This is an update to my december adventure, in which I took it upon myself to learn the Rust programming langauge.
First, I’ve participated in the Advent of Code for the first 10 days, solving problems in Scala, then translating them to Rust. Unfortunately, day 10 got too complicated. I solved part 2 via “ray casting,” an idea that I got early in my thinking, but detecting line intersections is easier said than done. What happened is that I had to detect patterns in the map’s corners, in order to do correct counting, and this happened by debugging on the large input file, which is very impractical. This isn’t unlike other days in which the full specs or corner cases are visible only in the large input file, with the problems being underspecified. Day 10 took 4 hours of my time, and because the problems are increasing in difficulty, I’m finding it harder and harder to find time for a Scala to Rust translation.
My December Adventure, to learn Rust, is progressing well. I’ve made little progress on the books, but solving AoC issues turbocharged my learning for simple tasks related to data structures. Translating AoC solutions made me somewhat familiar with vectors, iterators, hash-maps, plus some useful small libraries, like regex or itertools. I also got a recommendation to use rust-clippy, a linter for Rust that can make some very useful recommendations. I wish we had something like it for Scala, too.
More impressions on Rust #
Compared with Scala, Rust has been annoying to work with, the former being more productive for AoC’s problems. However, the point of reference for Rust aren’t garbage collected languages like Scala, but rather C/C++. From that point of view, Rust seems surprisingly productive. It’s not a managed language, and that’s what makes it interesting.
Rust is not an FP language, either.
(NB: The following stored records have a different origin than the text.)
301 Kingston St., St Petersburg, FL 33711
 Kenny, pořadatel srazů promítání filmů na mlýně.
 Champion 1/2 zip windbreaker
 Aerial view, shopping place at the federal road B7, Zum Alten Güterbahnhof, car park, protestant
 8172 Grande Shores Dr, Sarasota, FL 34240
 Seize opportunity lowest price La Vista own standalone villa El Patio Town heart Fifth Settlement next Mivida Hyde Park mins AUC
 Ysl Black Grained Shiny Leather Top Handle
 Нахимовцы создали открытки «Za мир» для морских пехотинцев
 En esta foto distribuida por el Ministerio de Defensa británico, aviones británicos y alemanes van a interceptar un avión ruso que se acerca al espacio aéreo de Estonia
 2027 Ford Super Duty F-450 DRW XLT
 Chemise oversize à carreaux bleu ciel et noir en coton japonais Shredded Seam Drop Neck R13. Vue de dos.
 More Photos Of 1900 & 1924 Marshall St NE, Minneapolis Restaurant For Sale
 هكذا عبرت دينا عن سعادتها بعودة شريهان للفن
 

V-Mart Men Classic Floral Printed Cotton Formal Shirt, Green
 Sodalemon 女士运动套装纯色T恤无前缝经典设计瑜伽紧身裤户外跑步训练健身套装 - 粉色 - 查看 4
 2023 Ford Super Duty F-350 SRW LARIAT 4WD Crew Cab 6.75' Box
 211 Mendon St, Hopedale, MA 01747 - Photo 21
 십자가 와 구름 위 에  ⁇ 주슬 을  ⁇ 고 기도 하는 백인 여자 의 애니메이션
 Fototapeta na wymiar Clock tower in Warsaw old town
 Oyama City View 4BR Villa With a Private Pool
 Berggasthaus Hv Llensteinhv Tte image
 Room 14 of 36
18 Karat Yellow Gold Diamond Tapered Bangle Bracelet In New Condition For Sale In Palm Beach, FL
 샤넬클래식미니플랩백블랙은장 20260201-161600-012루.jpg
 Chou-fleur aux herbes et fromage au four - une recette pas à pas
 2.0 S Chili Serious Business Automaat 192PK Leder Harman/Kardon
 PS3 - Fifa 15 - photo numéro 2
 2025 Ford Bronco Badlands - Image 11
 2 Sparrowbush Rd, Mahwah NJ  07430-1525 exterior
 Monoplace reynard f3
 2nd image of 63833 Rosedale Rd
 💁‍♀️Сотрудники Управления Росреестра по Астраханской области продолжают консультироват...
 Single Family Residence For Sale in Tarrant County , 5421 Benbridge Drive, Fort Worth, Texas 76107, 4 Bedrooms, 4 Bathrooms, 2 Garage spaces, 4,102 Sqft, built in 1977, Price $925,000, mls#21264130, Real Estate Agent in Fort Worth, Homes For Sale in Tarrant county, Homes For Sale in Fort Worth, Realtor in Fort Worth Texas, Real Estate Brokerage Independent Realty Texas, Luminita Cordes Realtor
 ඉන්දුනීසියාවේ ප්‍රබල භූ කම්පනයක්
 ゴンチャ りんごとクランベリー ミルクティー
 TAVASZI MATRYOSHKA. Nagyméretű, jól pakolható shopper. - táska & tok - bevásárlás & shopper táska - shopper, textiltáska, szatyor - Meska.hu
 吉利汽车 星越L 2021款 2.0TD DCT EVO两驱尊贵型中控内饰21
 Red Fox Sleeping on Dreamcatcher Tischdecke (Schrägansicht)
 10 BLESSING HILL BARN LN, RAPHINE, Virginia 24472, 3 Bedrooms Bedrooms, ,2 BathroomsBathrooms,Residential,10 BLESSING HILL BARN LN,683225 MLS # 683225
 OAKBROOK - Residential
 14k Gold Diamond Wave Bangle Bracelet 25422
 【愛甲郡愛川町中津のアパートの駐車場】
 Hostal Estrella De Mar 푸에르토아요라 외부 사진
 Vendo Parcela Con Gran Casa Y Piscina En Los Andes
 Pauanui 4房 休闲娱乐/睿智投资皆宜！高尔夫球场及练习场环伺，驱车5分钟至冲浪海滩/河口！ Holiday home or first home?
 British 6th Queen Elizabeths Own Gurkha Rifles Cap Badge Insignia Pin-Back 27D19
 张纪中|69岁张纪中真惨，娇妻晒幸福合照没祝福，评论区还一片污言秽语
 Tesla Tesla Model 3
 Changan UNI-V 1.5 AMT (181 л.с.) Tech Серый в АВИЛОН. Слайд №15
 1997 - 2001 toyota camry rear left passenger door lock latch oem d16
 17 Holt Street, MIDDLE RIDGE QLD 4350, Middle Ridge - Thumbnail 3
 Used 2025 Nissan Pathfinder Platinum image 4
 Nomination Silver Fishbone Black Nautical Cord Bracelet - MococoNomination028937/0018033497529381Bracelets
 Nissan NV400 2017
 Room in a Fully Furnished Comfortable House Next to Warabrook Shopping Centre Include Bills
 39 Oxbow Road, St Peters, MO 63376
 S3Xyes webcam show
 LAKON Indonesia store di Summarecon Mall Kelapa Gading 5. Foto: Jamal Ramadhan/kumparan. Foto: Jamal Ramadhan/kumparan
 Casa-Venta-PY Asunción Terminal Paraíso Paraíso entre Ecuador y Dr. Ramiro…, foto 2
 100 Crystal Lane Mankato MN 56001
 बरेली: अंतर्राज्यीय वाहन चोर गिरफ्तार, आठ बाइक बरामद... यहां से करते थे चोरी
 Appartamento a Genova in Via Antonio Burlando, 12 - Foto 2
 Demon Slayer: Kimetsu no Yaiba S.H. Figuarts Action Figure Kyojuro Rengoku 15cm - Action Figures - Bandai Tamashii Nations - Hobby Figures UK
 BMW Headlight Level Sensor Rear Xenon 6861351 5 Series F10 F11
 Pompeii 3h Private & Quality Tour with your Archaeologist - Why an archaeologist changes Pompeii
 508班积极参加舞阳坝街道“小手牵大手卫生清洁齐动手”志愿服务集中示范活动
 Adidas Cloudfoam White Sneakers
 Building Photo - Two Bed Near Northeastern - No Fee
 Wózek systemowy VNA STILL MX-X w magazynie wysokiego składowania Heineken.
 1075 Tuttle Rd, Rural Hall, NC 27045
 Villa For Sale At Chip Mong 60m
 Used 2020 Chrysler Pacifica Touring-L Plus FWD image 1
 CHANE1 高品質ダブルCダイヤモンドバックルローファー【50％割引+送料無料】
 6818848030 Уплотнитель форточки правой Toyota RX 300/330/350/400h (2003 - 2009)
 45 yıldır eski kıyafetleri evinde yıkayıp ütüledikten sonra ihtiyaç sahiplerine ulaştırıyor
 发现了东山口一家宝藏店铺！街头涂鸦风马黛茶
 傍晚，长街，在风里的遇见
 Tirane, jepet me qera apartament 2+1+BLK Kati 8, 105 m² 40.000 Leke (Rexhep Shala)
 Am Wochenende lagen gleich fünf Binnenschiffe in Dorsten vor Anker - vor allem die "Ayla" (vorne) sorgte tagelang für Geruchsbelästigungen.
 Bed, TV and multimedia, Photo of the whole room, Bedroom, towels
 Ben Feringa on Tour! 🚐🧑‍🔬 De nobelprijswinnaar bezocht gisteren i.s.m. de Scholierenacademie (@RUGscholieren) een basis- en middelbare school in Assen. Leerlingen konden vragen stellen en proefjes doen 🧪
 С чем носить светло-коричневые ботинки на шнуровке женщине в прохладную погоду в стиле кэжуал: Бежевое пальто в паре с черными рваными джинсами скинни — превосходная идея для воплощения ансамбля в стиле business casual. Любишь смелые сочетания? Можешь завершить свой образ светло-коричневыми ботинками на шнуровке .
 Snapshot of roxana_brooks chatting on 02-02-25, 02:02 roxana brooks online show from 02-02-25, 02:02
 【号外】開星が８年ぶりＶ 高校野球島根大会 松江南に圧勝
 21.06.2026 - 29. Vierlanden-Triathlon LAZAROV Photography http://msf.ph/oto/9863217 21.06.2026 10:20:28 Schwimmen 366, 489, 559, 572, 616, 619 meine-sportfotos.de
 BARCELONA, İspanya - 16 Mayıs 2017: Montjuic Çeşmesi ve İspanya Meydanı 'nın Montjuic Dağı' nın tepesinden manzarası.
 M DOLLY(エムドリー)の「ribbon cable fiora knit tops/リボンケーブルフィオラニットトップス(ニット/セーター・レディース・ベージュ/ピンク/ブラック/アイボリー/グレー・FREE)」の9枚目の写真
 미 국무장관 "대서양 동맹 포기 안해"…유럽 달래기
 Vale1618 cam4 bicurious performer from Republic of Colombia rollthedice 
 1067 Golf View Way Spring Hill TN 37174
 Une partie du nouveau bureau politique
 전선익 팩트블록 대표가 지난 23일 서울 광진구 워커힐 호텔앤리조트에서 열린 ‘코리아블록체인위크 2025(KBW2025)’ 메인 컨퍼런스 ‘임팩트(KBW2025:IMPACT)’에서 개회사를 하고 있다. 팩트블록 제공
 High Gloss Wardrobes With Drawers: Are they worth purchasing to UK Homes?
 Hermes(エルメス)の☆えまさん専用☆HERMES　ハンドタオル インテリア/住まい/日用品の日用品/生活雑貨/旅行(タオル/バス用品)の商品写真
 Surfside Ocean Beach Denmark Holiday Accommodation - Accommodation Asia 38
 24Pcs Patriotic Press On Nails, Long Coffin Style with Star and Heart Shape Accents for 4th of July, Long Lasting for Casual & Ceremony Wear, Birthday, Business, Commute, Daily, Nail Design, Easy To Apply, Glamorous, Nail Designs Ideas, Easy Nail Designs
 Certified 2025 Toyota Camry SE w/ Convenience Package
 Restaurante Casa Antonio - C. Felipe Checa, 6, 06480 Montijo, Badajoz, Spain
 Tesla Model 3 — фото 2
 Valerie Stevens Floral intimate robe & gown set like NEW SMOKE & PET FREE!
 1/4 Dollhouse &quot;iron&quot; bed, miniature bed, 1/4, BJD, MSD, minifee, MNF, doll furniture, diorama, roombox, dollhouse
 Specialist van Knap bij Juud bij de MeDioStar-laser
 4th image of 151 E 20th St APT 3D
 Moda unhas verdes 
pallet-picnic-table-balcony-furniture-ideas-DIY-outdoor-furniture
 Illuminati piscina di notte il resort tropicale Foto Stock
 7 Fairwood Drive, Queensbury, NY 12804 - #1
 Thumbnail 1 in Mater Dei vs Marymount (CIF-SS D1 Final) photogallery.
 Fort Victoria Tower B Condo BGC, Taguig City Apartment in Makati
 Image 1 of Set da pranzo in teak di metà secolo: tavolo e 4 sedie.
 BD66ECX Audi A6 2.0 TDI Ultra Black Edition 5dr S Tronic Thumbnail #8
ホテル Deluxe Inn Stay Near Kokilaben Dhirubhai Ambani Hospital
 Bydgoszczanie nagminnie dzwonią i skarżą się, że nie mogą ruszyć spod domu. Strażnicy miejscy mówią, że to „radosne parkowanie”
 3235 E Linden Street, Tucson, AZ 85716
One source of confusion is that Rust’s immutability is a (transitive) property of variables, not of data structures. You can mutate any data structure in Rust by taking ownership. E.g., strings can be mutated, even ones that were previously owned by immutable variables. This is very unlike (impure) FP languages like Scala, F#, OCaml, others, where
let mutable doesn’t allow you to change the stored data structure. A string in these languages is immutable, regardless of what the variable holding it says. This is required for correctness, as mutability of strings would break the implementation of hash-maps & others.
Rust is a language built for mutability. The borrow checker makes mutation much safer, by disallowing read-only references to exist while the data structure is being mutated. For instance, you’re not allowed to mutate a string while it’s being used as a key in a hash-map. But that’s all there is to its supposed “immutability by default”, a way to control who has read and write access.
Persistent/immutable collections, in Rust, don’t make much sense, for example. Sharing structure, to avoid cloning, is inefficient without a good garbage collector (as you basically have to work with reference counting), and it’s also not in the language’s character.
I do wonder how productive Rust is for real projects. For now, I don’t have any good ideas of where to apply it. I still have much to learn for building simple web services, as that requires async stuff, plus I’d like some problems for which Rust is particularly good at. Maybe I’ll start with some basic CLI tools.